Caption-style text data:
◆ ◆ ◆ ◆ ◆ ◆ ◆
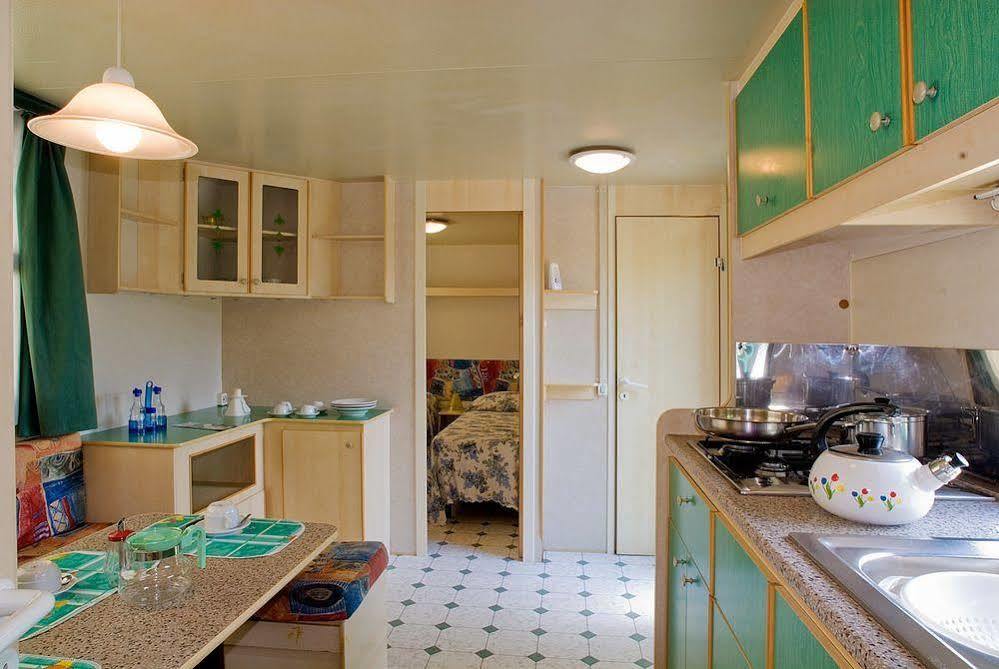 Happy Camp Mobile Homes In Camping Cisano San Vito Bardolino Exterior photo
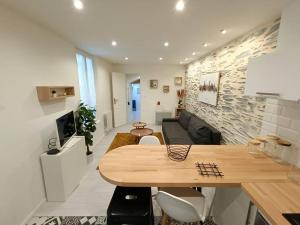Il comprend une cuisine et un salon avec une table et un canapé. dans l'établissement Douceurs Angevine, à Angers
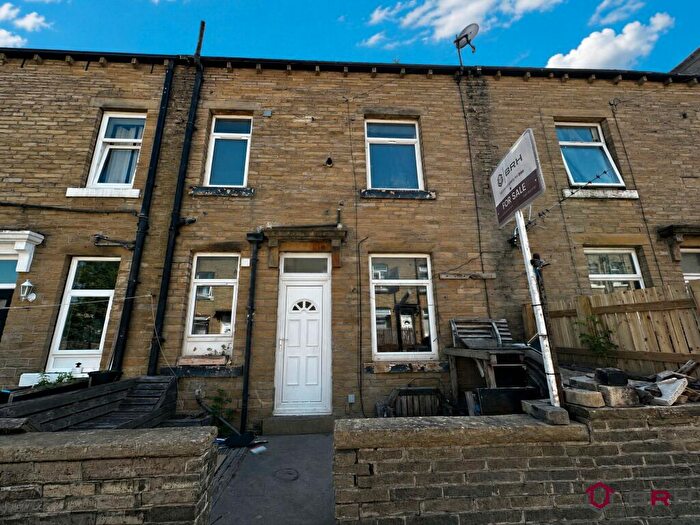 2 Bedroom Terraced House For Sale In Naylor Street, Halifax, HX1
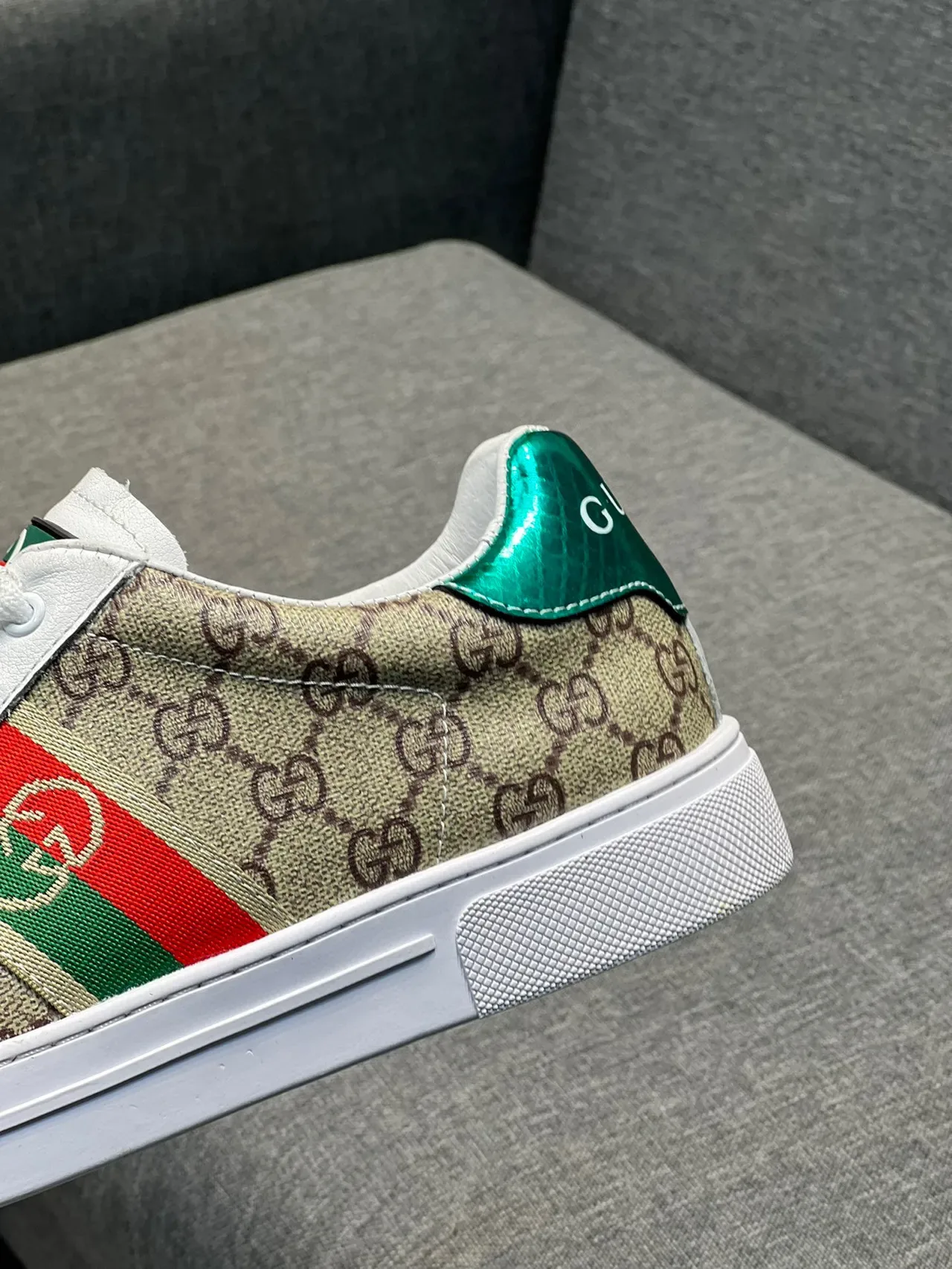 Gucci Ace GG Monogram Web Stripe 生活方式运动鞋 8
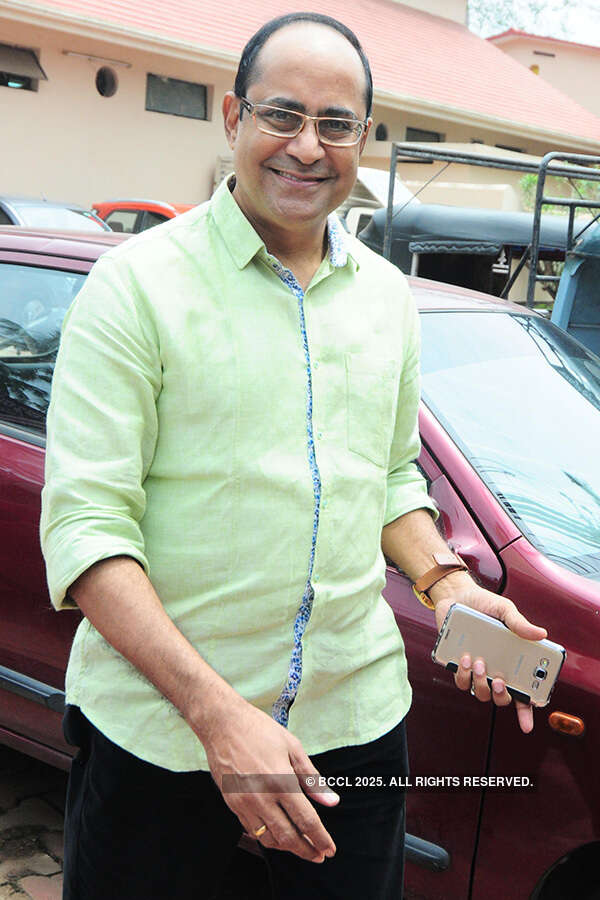 Dinesh Panicker Images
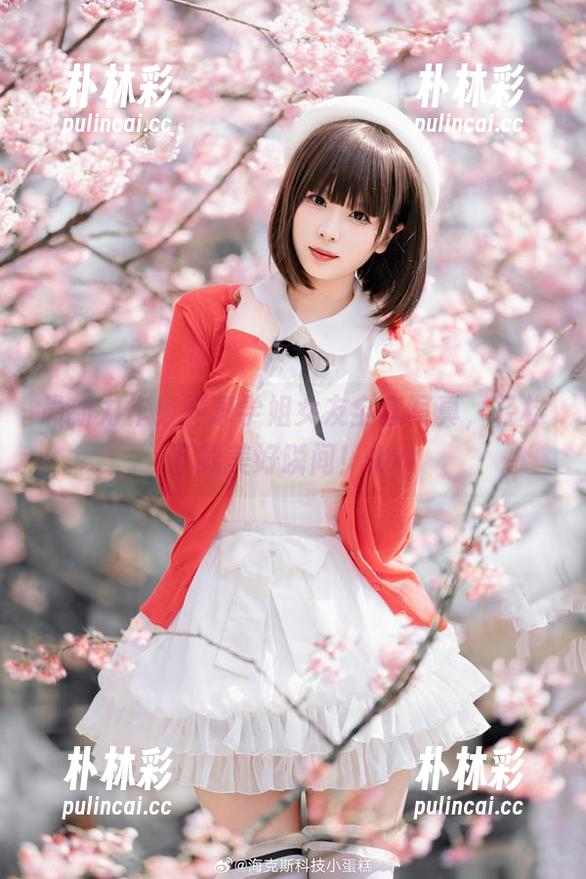 最新力作！轩萧学姐女友全套写真，轻松下载美好瞬间！.txt
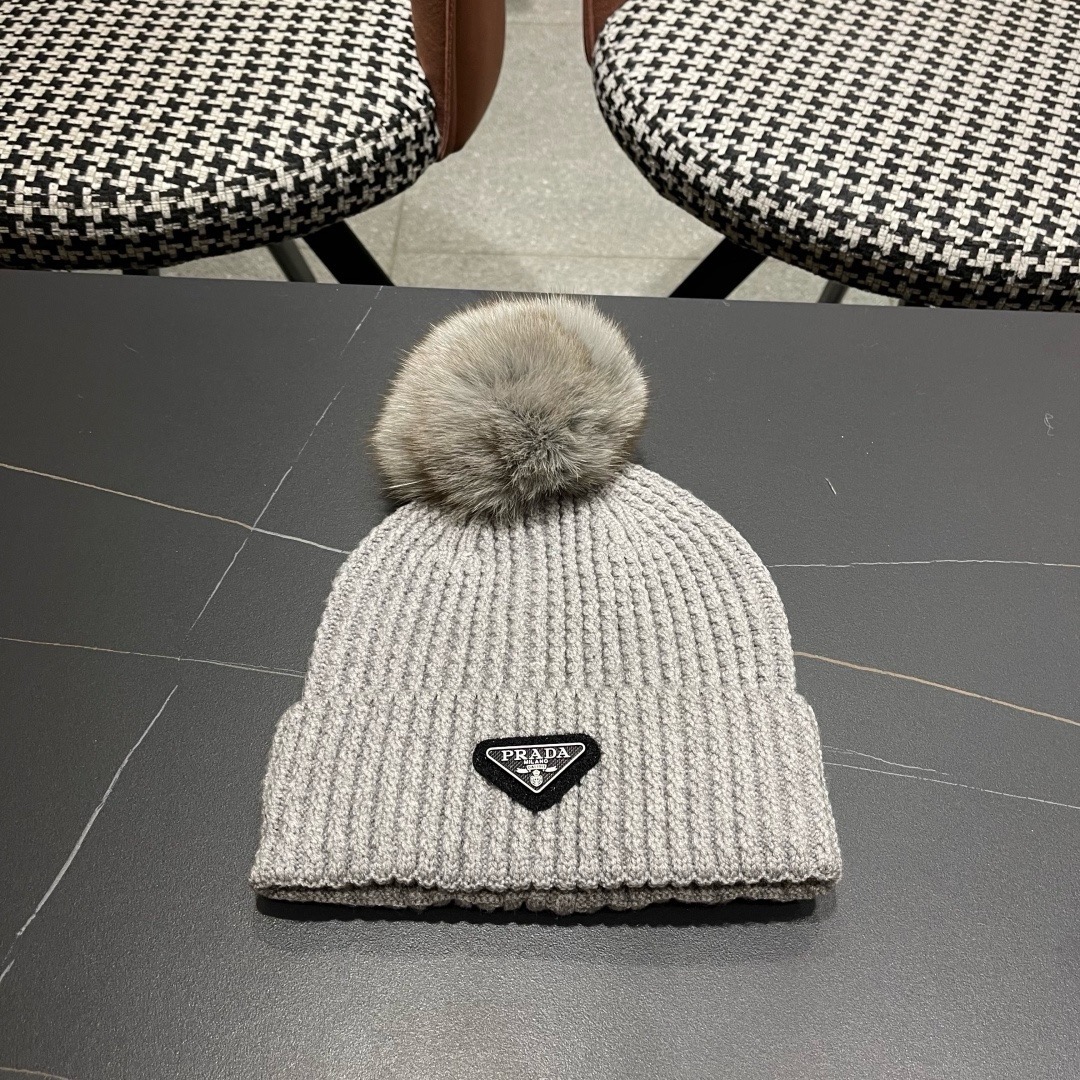 🧢普拉达PRADA👒 2025秋冬0配狐狸毛球专柜针织毛线帽，超火爆💖质感一流，出街超好搭配！减龄神器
◆ ◆ ◆ ◆ ◆ ◆ ◆
**WHAT YOU ARE ASKED TO DO:** Across all the lines above, repeat the wording exactly and omit the pictures.

**YOUR RESPONSE:**
 Happy Camp Mobile Homes In Camping Cisano San Vito Bardolino Exterior photo
Il comprend une cuisine et un salon avec une table et un canapé. dans l'établissement Douceurs Angevine, à Angers
 2 Bedroom Terraced House For Sale In Naylor Street, Halifax, HX1
 Gucci Ace GG Monogram Web Stripe 生活方式运动鞋 8
 Dinesh Panicker Images
 最新力作！轩萧学姐女友全套写真，轻松下载美好瞬间！.txt
 🧢普拉达PRADA👒 2025秋冬0配狐狸毛球专柜针织毛线帽，超火爆💖质感一流，出街超好搭配！减龄神器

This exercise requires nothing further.